Scott Stricklin: Hiring a coach isn't like buying a TV (Featured)

Florida has an opening for a head football coach, and AD Scott Stricklin will spend the next month feeling out agents, talking to his friends within the industry and studying the pool of available candidates. And while a month is an eternity of time to study a coach's record, his Xs and Os and his philosophy, it still doesn't get you any closer to answering the essential question: You may be able to coach, but can you coach at Florida?

What does it mean to coach at Florida?

It means to coach at a place where football essentially did not exist before 1990. And since 1990, Florida has employed two kinds of coaches: College Football Hall of Famers who competed for SEC and national championships with regularity, and guys who got run off.

Ron Zook never had a losing season -- heck, Ron Zook never had a season where he finished outside the Top 25 -- and lasted three seasons. Will Muschamp was let go two seasons after reaching the Sugar Bowl. And on Sunday Jim McElwain was allowed-slash-encouraged to walk after two-and-a-half seasons. Which means McElwain never coached a complete season in which he did not win the SEC East and still didn't last three seasons.

The other group, of course, is a club that includes Steve Spurrier and Urban Meyer. They collected seven SEC championships and three national titles in 18 combined seasons.

You're either in one group or the other, and the next Florida coach needs to understand that going in. These are expectations, by the way, that Stricklin explicitly embraced on Sunday evening.

So on Sunday Stricklin was asked how he can gauge a candidate's ability to coach at Florida -- to have people calling for his head over the crime of turning in a 10-3 season -- from across a table.

"I think fans look at hiring coaches kind of like you and I might look at going to Best Buy and buying a new TV. You look on the side of the box and you read all the specs and when you open up the box, that's what's going to be in there. Personnel hirings are not like that. You may think you're getting something, sometimes you don't know until they get there," Stricklin said.

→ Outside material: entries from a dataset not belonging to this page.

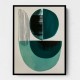 Midcentury Teal Geometric Shapes 1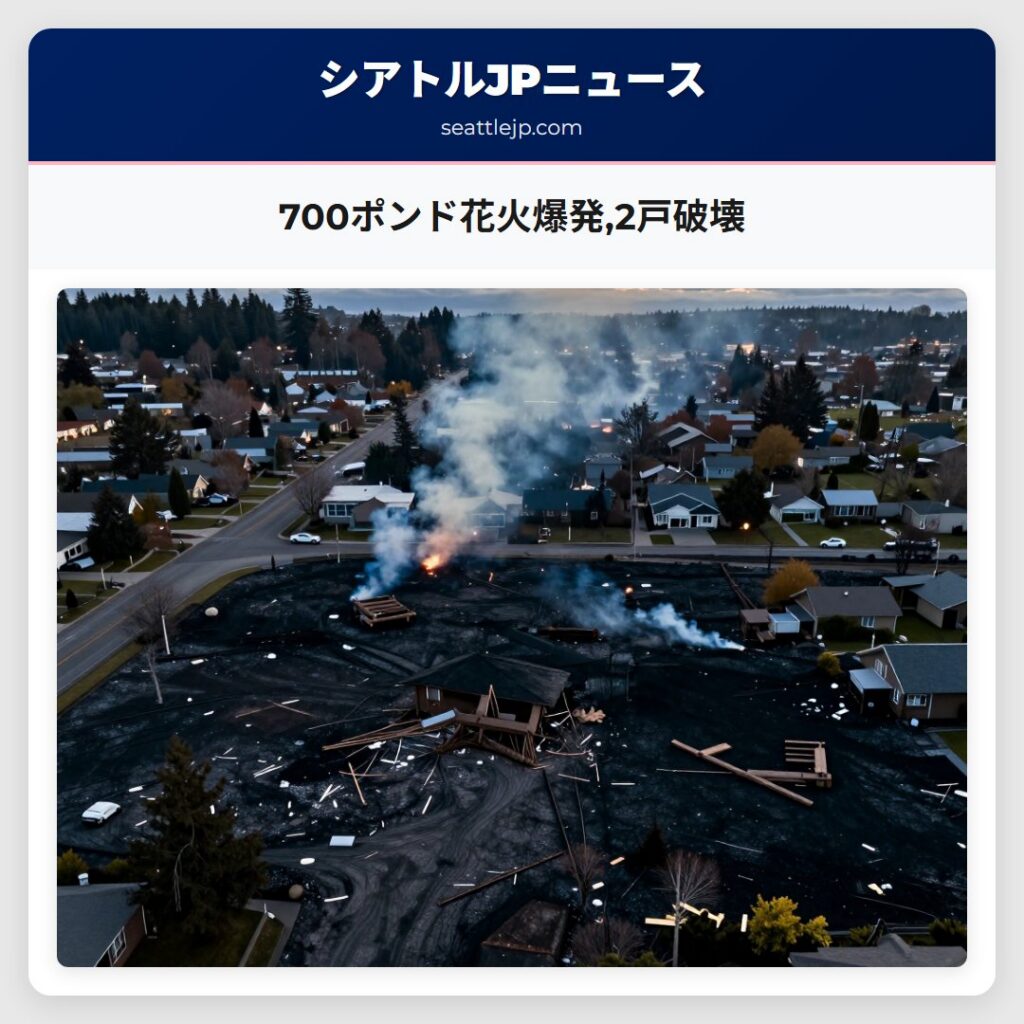 700ポンド花火爆発,2戸破壊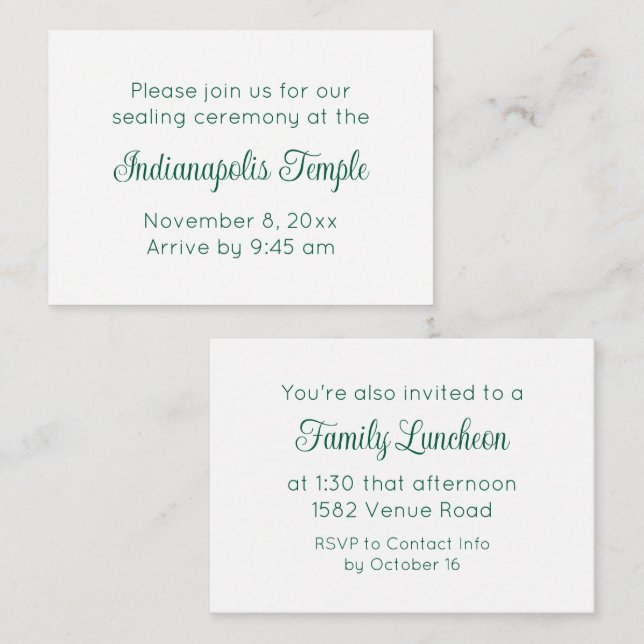Green Script Temple Sealing & Meal Invitation (Front/Back)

"But what you can do is look for certain traits. I believe there are certain traits that lead to successful leaders. Whether it's hard work, whether it's character, whether it's competitiveness, their ability to sell both to fans and recruits. These are figure-it-out kind of jobs. Every school is different. Every school is unique. Every school has its own set of strengths and challenges and there's not a one size fits all approach, so you've got to get somebody who's smart enough to come in and figure out the puzzle at your particular school."

Stricklin didn't box himself in to a certain type of search on Sunday. He may retain a search firm or he may not. He may hire a sitting head coach or he may not. He revealed one word that will guide his search: fun. In 25 years in the business of watching Florida from afar, Stricklin said, when Florida was rolling "it looked like they were having fun."

Spurrier and Meyer were offensive innovators, and the only innovating Florida has done on that side of the ball since Meyer's departure has been to devise new ways to send their fans to bed on Saturday nights with migraines. Consider that Florida has not finished in the top half nationally in yards per play since Tim Tebow left campus in 2009.

Florida's Yards Per Play Rank in the Post-Tebow Era
2010: 5.17 -- 84th
2011: 5.42 -- 67th
2012: 5.25 -- 92nd
2013: 4.79 -- 110th
2014: 5.24 -- 94th
2015: 5.11 -- 102nd
2016: 5.19 -- 105th
2017: 5.38 -- 81st

Scott Stricklin won't stroll down to Best Buy to pick out his new hire, but the next head football coach at Florida will come with a certain set of specs regardless: the ability to have fun, the ability to score points, and the ability to take down Nick Saban and rule the SEC and college football as a whole -- or else.